Çünkü o kanlı örgütlerin sanım o ki tamamı elbirliği ederek, haklı da olsak izinsiz bölgeye giren kuvvetlerimize karşı bir taarruz başlatabilirler. Zaten arkalarındaki güç bunu el altından zorluyor da… Bunlar, gizli tutuluyor ve Türk halkına yansıtılmıyorsa da, o kadar aleni ki…
Öte yandan silah, para, tedavi gibi gereksinimlerini karşıladığımız İşid; çeşitli oyunlarla bize düşman edilmeye başlandı bile… Zaten olacağı da buydu ve bizim aklıevvel yöneticilerimiz bunu hiç göremediler. Ülke içindeki hücrelerinin ise başkaldırmaları an meselesidir.
Bu tehlikenin büyüklüğü bu kadar la kalmıyor. Çünkü İşid ile düşman olmamız sonrası sınır ötemizde PYD, YPG, PKK gibi ölümcül düşmanlarımızla birleşebilirler ve karşımızdaki güç baş edemeyeceğimiz kadar büyür. Ki, bu kanlı örgütler ile onları öne süren emperyalist devletler, buradaki ateş ve kanın çok daha büyümesi için çaba göstermekteler.
Ve anlaşılıyor ki, sıcak savaşın büyümesi o kadar uzak değildir. Yani çok muhtemel ki Ekim ayı ve sonrası Güney sınırlarımız bir yangın yerine dönebebilir. Ne zamana kadar mı?
Konuya Birleşmiş Milletlerde siyasi boyut kazandırılarak, Güney bölgemizden bir kısım toprak gaspedilip önce bir Kürt devleti, ardından da Büyük İsrail Devleti kurulunyaca kadar!

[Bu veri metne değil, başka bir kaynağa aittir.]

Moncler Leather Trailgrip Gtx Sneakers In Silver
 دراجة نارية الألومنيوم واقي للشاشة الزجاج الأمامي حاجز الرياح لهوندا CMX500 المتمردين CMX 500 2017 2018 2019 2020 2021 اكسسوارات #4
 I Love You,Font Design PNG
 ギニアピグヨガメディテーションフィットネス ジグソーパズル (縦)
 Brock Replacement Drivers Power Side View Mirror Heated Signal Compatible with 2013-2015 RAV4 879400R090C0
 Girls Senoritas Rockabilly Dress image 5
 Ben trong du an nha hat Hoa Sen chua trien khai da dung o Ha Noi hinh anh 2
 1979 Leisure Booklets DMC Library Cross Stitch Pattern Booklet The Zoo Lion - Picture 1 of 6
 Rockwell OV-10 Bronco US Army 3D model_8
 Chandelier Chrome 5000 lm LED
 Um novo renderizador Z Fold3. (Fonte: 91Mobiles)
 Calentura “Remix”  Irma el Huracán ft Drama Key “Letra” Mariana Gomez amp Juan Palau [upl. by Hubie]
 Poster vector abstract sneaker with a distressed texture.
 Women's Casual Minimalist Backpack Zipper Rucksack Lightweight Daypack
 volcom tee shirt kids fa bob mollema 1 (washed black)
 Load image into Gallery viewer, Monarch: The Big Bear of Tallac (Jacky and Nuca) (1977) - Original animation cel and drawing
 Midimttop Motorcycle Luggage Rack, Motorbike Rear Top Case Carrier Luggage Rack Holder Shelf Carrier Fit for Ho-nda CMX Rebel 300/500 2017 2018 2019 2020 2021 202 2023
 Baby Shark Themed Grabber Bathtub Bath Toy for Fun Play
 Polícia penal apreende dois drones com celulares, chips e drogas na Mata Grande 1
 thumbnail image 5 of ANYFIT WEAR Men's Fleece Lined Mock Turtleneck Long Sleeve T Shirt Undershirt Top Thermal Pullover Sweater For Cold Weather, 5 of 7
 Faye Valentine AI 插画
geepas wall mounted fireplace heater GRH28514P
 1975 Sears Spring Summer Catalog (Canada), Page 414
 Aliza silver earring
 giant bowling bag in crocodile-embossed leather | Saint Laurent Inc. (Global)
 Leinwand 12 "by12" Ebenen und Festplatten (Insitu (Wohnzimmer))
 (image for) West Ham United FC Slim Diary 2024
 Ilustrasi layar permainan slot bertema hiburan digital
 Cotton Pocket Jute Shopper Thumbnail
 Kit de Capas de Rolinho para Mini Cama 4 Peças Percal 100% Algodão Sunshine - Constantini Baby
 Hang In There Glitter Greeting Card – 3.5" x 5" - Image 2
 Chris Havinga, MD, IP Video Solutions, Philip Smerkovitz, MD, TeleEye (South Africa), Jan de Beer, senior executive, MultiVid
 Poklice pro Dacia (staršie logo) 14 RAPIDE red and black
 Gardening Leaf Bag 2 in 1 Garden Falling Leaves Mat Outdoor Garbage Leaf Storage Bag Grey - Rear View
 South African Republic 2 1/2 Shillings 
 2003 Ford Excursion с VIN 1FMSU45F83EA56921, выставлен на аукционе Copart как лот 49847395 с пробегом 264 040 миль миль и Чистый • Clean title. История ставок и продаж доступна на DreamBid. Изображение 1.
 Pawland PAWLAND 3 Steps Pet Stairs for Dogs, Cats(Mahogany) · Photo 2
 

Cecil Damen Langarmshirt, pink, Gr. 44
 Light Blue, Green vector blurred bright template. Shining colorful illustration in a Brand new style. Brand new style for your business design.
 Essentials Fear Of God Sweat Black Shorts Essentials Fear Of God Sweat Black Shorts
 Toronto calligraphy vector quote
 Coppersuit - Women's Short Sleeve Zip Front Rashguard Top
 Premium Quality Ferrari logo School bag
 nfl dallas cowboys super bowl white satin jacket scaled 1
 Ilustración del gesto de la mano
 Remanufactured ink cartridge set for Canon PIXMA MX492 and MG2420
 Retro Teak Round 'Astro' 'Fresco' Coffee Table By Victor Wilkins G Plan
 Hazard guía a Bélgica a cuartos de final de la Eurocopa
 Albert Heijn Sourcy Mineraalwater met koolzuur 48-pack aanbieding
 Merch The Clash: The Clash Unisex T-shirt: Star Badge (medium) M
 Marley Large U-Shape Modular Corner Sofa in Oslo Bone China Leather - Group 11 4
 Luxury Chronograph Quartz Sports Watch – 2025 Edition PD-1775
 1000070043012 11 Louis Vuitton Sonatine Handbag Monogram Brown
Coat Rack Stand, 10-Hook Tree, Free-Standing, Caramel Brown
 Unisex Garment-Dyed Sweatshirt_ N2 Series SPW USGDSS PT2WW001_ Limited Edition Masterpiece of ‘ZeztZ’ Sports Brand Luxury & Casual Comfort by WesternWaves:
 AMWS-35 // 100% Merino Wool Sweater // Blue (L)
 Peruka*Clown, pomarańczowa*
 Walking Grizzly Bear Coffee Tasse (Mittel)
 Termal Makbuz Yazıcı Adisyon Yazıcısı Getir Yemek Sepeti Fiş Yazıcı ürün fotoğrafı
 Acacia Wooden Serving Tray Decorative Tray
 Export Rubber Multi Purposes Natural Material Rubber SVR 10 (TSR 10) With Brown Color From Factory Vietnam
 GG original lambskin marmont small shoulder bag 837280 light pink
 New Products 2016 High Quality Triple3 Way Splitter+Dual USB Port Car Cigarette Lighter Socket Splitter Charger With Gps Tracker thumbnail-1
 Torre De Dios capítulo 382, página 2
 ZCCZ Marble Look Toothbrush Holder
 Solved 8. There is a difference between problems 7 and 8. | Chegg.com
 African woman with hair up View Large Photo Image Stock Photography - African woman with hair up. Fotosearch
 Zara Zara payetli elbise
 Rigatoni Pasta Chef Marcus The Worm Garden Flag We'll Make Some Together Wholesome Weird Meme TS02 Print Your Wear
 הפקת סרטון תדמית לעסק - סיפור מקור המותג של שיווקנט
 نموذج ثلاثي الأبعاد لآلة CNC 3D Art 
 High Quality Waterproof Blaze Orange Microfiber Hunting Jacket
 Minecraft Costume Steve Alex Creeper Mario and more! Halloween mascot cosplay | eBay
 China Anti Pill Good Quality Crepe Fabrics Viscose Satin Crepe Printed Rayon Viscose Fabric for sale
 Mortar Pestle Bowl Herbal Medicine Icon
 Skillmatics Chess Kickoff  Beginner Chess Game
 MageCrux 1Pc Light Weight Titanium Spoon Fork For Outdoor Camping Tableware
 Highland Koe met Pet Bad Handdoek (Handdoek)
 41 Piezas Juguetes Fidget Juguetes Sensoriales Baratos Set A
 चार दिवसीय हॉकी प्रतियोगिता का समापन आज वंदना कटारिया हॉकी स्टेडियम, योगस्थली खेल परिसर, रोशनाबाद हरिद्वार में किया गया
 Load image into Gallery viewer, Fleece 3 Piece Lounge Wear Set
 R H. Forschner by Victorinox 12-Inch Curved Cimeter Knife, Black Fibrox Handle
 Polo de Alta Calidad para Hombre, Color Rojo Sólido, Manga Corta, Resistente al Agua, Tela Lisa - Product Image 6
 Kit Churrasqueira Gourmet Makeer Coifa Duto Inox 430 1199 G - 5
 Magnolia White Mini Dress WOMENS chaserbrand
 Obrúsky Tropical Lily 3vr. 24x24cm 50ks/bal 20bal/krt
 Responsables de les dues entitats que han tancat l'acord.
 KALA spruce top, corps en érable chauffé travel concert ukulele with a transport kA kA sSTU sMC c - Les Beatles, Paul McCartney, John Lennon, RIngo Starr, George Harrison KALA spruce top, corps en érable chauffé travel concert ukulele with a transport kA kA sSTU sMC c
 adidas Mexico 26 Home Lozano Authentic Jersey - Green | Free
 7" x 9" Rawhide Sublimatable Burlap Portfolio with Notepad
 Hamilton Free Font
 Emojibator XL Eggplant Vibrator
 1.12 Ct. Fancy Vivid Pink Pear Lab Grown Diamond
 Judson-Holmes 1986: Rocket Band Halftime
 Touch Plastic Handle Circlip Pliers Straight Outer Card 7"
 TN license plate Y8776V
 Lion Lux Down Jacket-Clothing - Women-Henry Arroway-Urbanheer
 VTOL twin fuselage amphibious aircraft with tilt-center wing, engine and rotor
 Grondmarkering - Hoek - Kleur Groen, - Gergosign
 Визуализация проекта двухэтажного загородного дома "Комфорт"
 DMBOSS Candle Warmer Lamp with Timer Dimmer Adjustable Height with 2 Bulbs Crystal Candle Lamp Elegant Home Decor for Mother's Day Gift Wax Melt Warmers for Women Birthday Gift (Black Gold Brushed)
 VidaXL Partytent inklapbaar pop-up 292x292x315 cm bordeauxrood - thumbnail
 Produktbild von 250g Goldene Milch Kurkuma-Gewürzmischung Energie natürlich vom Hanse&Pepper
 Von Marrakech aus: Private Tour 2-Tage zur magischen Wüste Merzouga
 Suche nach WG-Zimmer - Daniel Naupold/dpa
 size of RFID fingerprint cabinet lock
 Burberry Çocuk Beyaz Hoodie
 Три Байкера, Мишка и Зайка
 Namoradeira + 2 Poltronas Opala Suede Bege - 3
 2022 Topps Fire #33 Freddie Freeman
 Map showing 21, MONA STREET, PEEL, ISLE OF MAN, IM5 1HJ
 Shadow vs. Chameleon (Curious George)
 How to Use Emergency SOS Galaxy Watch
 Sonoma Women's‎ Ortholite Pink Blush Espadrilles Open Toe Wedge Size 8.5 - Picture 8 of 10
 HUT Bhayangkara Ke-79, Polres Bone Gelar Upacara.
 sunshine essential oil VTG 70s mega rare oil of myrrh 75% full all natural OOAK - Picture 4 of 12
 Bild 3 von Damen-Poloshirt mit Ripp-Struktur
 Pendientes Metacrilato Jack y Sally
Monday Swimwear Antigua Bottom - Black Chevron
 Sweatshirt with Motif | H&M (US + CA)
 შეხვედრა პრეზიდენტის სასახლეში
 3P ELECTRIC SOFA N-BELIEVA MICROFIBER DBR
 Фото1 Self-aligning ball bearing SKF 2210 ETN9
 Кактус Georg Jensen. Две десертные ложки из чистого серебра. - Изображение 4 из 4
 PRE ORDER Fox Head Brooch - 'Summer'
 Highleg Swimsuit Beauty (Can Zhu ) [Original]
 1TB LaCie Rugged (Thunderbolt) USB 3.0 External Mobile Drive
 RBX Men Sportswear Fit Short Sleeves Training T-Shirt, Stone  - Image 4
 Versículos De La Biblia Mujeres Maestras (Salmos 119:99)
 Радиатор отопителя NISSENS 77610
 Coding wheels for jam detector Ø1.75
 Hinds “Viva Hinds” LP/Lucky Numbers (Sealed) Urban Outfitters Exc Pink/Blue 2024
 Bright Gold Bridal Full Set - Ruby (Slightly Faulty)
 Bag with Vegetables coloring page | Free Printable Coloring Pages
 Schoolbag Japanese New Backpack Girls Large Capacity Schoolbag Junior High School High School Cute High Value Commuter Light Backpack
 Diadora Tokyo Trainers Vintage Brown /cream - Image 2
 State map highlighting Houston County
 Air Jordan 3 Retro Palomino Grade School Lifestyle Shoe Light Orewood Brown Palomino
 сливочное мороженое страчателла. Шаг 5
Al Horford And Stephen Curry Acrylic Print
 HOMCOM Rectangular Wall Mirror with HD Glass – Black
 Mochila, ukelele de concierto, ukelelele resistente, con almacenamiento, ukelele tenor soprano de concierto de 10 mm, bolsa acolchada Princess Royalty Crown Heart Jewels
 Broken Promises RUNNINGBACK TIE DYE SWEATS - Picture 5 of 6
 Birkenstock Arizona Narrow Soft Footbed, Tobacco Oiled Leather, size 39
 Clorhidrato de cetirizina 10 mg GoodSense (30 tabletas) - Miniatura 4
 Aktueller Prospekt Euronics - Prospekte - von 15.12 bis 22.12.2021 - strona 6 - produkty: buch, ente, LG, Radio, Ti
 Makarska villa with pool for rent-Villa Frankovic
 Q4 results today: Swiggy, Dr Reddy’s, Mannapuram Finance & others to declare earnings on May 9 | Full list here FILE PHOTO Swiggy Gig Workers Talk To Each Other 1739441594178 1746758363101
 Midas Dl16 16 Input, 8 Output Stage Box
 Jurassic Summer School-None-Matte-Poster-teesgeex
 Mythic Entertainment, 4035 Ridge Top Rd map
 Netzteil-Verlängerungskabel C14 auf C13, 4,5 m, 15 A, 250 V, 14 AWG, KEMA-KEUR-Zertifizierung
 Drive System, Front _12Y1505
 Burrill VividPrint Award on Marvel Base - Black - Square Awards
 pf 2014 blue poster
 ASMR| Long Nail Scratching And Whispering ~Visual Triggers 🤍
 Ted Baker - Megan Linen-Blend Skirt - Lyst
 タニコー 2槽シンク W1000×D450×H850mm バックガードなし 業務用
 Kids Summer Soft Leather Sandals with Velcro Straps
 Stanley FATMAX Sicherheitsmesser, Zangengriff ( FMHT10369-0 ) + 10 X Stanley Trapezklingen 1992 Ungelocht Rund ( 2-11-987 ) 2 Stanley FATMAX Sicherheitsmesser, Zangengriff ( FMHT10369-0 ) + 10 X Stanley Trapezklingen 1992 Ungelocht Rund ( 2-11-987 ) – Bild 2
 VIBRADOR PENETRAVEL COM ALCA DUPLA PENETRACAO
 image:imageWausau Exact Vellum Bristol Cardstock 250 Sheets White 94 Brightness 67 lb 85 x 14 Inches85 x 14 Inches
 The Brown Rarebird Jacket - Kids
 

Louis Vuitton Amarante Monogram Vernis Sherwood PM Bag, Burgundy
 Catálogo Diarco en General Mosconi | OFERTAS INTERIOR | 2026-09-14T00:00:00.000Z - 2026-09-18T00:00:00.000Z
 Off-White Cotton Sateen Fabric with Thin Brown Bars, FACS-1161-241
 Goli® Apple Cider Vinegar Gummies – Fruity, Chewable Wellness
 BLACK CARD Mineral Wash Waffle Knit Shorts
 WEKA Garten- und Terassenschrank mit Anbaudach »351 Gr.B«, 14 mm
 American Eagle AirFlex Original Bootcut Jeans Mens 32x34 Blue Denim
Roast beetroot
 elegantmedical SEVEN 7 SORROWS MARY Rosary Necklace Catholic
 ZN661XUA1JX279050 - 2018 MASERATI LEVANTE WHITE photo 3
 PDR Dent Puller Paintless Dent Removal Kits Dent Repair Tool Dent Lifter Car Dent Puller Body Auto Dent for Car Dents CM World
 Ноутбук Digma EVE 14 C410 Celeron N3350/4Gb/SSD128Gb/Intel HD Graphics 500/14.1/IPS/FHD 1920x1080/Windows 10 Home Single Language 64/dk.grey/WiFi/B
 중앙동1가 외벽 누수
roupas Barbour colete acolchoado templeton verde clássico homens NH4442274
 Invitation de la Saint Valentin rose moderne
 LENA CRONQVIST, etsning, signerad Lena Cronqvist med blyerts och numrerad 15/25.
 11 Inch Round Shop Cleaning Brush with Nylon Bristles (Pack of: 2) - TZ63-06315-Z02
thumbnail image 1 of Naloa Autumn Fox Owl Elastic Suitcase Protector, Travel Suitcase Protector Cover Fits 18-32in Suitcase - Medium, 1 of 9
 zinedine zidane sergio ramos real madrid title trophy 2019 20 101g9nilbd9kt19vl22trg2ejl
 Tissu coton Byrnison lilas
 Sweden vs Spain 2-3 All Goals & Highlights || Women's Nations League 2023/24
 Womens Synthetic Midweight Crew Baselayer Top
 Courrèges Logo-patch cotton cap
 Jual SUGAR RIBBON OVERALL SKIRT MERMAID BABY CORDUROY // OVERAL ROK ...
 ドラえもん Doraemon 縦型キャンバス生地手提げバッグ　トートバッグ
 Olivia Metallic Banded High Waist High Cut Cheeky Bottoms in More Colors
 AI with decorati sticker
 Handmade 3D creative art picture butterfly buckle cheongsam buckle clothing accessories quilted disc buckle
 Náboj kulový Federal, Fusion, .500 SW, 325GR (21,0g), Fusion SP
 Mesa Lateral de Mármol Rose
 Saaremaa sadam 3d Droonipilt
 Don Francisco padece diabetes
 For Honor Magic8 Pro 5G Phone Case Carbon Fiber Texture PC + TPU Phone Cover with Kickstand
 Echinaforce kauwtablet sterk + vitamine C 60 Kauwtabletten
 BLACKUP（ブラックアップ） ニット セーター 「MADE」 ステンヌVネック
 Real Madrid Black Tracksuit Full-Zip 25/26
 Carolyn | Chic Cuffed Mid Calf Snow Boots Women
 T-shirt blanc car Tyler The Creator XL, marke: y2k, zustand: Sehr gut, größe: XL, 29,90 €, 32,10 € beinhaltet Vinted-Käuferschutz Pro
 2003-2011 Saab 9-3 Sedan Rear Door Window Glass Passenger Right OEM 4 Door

Ve biliyorum bu söylediklerim, yazımı okuyan iktidar temsilcilerinin (pek okumazlar ya) bir kulağından girip, diğerinden çıkacaktır. Yani maalesef işaret ettiğim tehlike onlar için önemsizdir. Çünkü bazılarımız hiçbir şekilde öğüt almaz ve önemine de aldırmaz.